BEGIN Material to process

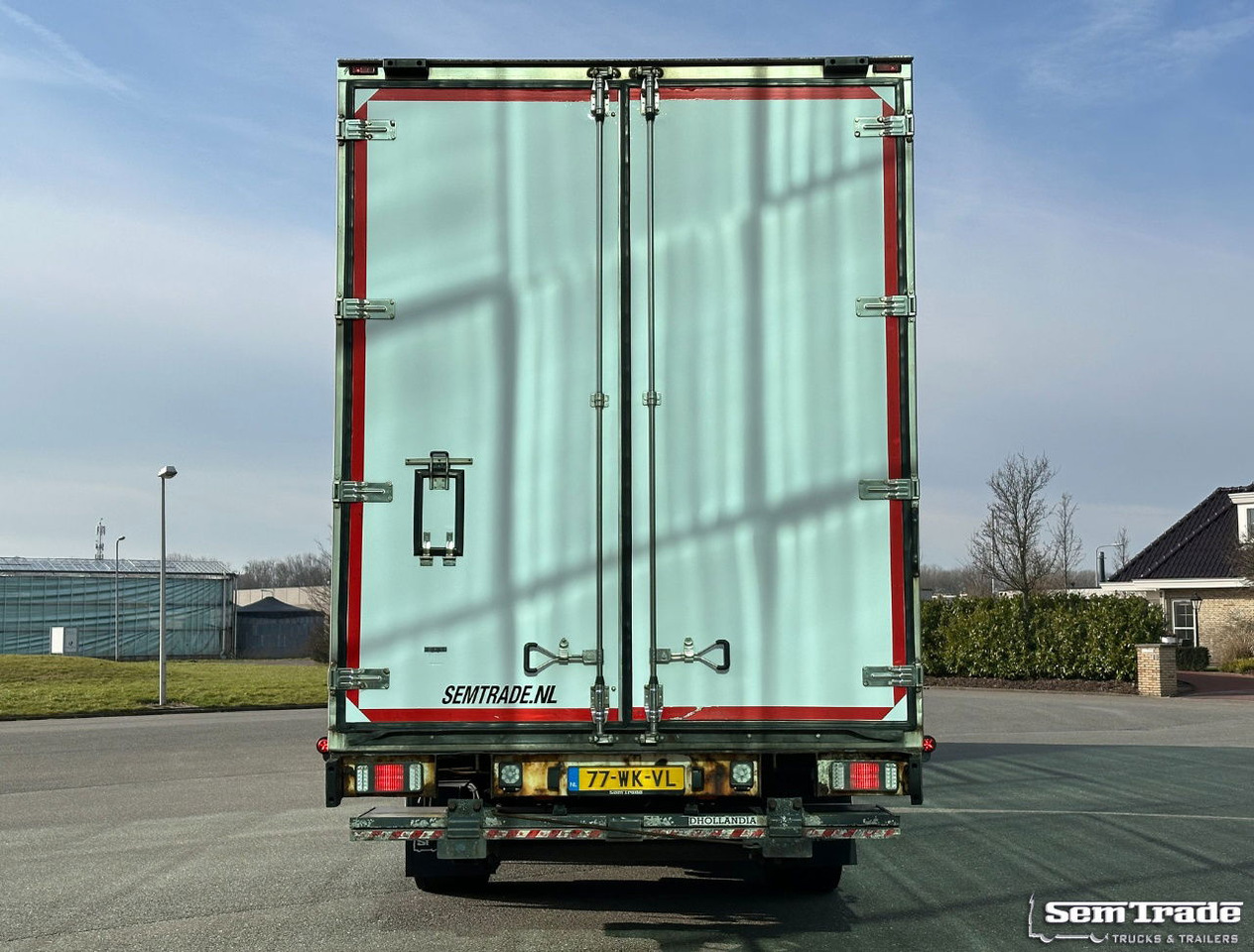 DAF XF 480 FAR SSC 6X2 50 CC Combi 2x Lift Carrier TRS Iceland TOP Condition NL - Рефрижератор камион: снимка 4 DAF XF 480 FAR SSC 6X2 50 CC Combi 2x Lift Carrier TRS Iceland TOP Condition NL - Рефрижератор камион: снимка 4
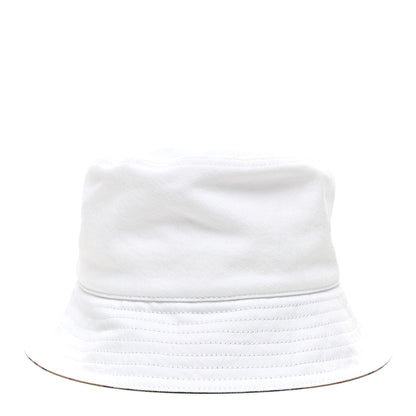 Burberry Denim Logo Bucket Hat M White 7 of 7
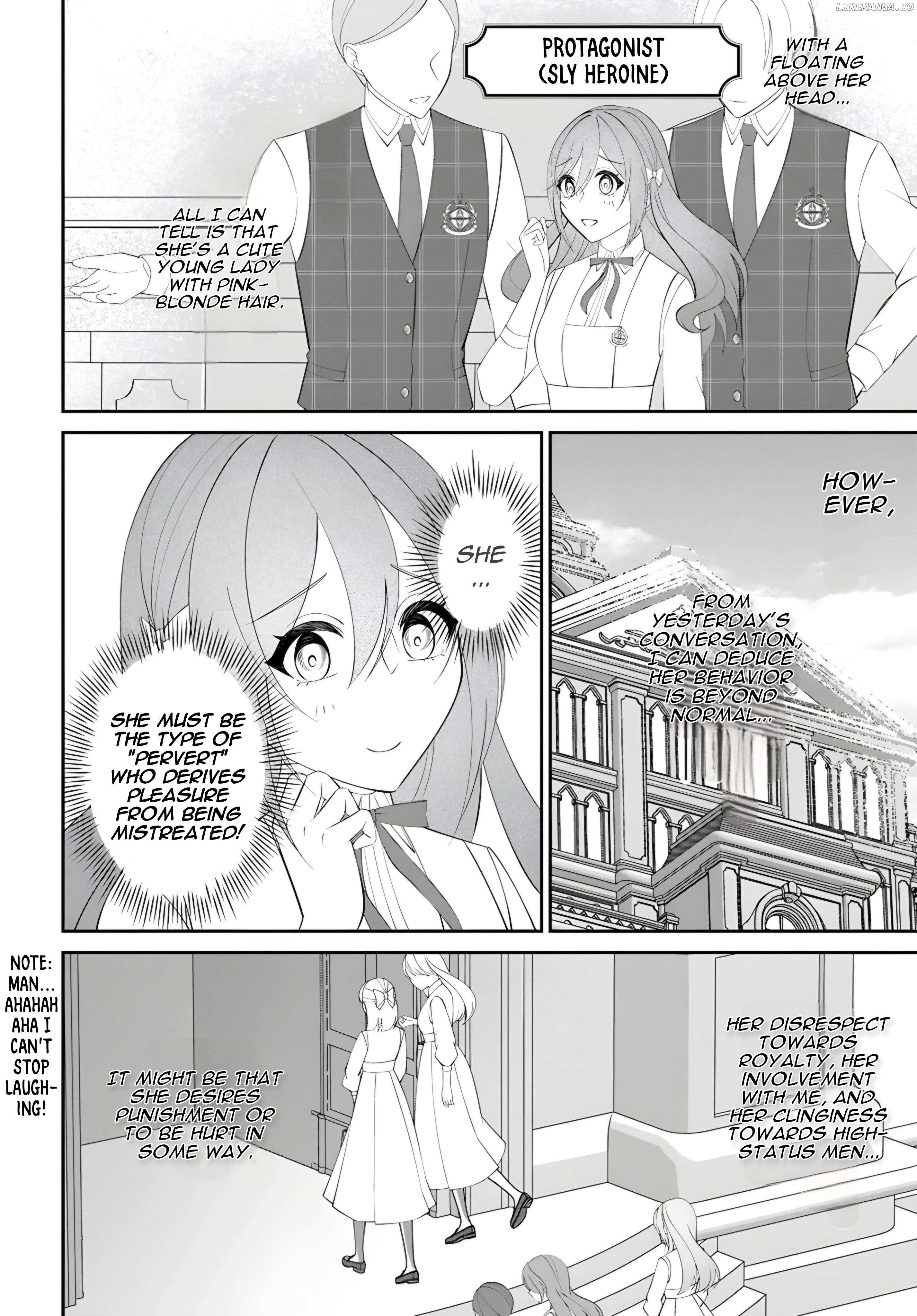 Watashi no Ue ni Ukabu "Akuyaki Reijou (Hametsu suru)" tte Nandeshou ka? Chapter 9 - page 2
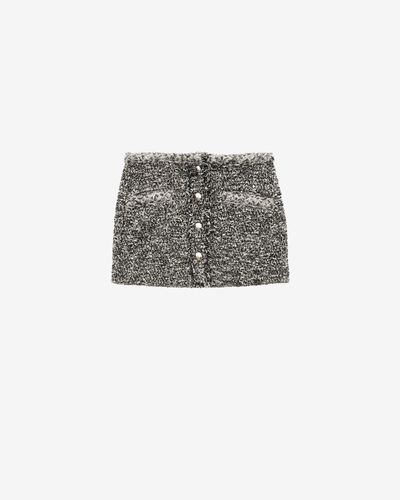 Jupe Gleny - Et Écru - Taille 34 - Isabel Marant - Modalova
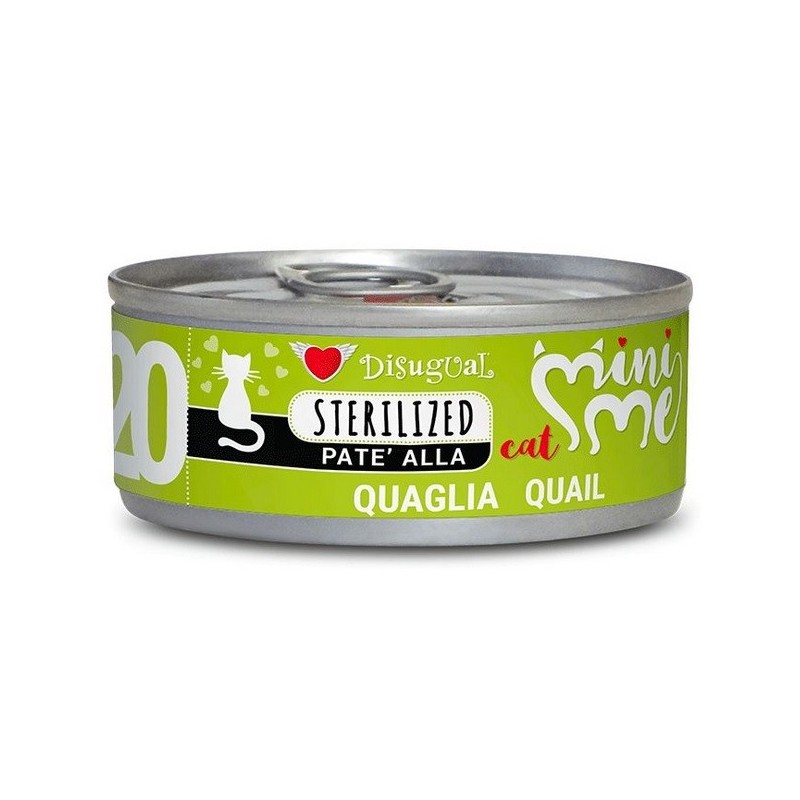 MINI ME GR 85 STERILIZZATO QUAGLIA -20-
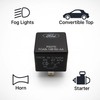 12V 5-Pin SPDT Power Relay – for Starter, Cooling Fan,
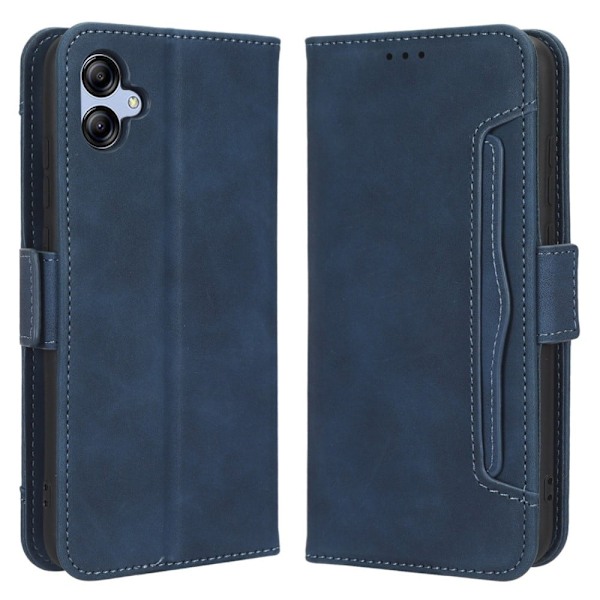 Moderni Nahkalaukku For Samsung Galaxy A04e - Sininen Blue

END Material to process

▶ _Exercise_: Please output only the lines running from the one that holds "Burberry Denim Logo" through the last line of the entries, both ends included, without any images.

▶ _Reply to the task_:
 Burberry Denim Logo Bucket Hat M White 7 of 7
 Watashi no Ue ni Ukabu "Akuyaki Reijou (Hametsu suru)" tte Nandeshou ka? Chapter 9 - page 2
 Jupe Gleny - Et Écru - Taille 34 - Isabel Marant - Modalova
 MINI ME GR 85 STERILIZZATO QUAGLIA -20-
 12V 5-Pin SPDT Power Relay – for Starter, Cooling Fan,
 Moderni Nahkalaukku For Samsung Galaxy A04e - Sininen Blue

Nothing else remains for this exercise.